The blog itself has found more readers than I had ever thought likely, which in turn probably prompted me to put more into it than I originally envisaged.  Somehow, I’ve read fewer books in the last year than I did in years when I was working fulltime.  I wanted to say thanks to all the readers, regular and occasional,  and to those who have commented. One of the best ways to refine one’s own thinking is to write, and be open to comment.  I’ve learned a lot in the last year, and (yes, it happens) have even altered my views on some issues.  Apart from anything else, one sees the world a bit differently once outside public sector bureaucracies.

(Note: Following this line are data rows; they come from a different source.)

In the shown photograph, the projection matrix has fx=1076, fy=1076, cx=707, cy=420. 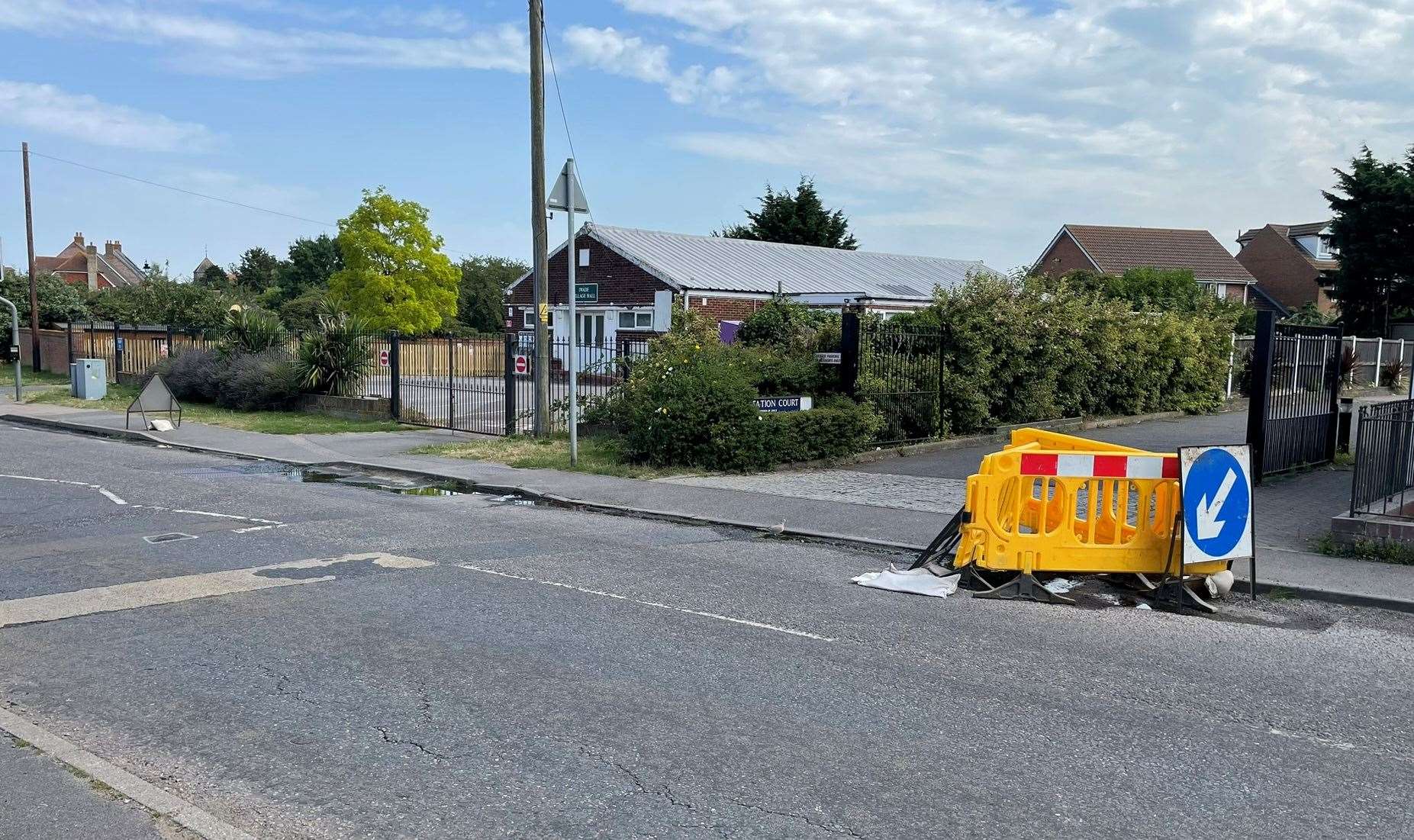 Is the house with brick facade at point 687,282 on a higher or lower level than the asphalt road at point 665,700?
higher

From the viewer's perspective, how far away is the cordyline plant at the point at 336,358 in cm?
2345

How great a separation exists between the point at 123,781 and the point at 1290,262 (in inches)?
2805

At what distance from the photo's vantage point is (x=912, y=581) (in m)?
8.53

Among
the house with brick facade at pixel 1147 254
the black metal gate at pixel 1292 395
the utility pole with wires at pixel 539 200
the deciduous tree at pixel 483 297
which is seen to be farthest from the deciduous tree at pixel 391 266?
the black metal gate at pixel 1292 395

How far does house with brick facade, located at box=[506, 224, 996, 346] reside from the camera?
33.2m

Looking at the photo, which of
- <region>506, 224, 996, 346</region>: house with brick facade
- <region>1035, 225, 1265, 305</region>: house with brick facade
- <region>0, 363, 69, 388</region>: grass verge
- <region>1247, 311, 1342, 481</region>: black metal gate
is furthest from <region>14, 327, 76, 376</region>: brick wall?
<region>1035, 225, 1265, 305</region>: house with brick facade

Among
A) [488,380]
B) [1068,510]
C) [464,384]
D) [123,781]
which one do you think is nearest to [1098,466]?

Readership statistics aren’t always easy to interpret.  Many readers just get posts by email, and most other just drop by the home page, not explicitly clicking on any particular post.   But looking back over the last year, these are the 10 posts that have had the most people explicitly clicking on them, sometimes because they have been linked in other blogs.

  1.  A post on how New Zealand has done, relative to other advanced economies since 2007
  2. A post on the proposal to extend the Wellington airport runway, using large amount of ratepayer’s money.
  3. A post on the June 2015 CPI numbers, which I saw as a severe commentary on the Reserve Bank’s conduct of monetary policy in recent years.
  4. A post looking at the occupational breakdown of our permanent and long-term migrants.
  5. A post prompted by Malcolm Turnbull’s declaration, on deposing Tony Abbott, that he wanted to emulate “the very significant economic reforms in New Zealand”.  I noted that it was short list: I couldn’t think of any.
  6. A post on an unconvincing speech on housing by Reserve Bank Deputy Governor, Grant Spencer
  7. A post on financial crises around the advanced world since 2007.
  8. Another post on the occupational classification of our “skilled” immigrants.
  9. A post prompted by Wellington City Council meeting with local residents on plans to allow more medium-density housing
  10. A post on the continuing fall in dairy prices last year, with some longer-term perspectives.

Somewhat surprisingly, my post earlier this week about John Key’s apparent vision to turn New Zealand into a Switzerland of the South Pacific based on some mix of Saudi students, Chinese tourists, and wealthy people fleeing terrorism, is next on the list.

I’ve spent more time writing about the Reserve Bank itself than I ever intended.  Mostly that was because of the Bank’s unexpectedly obstructive attitude to OIA requests, and the unexpected slowness with which they have recognized just how weak inflation has been (and is) in New Zealand.   I hope to write less about the Bank in the coming year.  My main concern in matters economic is the continued long-term underperformance of the New Zealand economy, and (relatedly) the disappointingly poor quality of the policy analysis and advice of the leading official policy agencies in New Zealand.  The Reserve Bank is an important, (too) powerful, institution, but in the grand scheme of things central banks just don’t make that much difference, for good or ill.  That was a message I spent decades trying to spread while I was inside the institution, although I’m not sure we were ever very successful in persuading outsiders.  So I expect I’ll continue to make the point here.  People looking for the answers for New Zealand’s economic problems shouldn’t be focused on 2 The Terrace, but instead should be looking to the other corners (here and here)  of that Terrace/Bowen St intersection.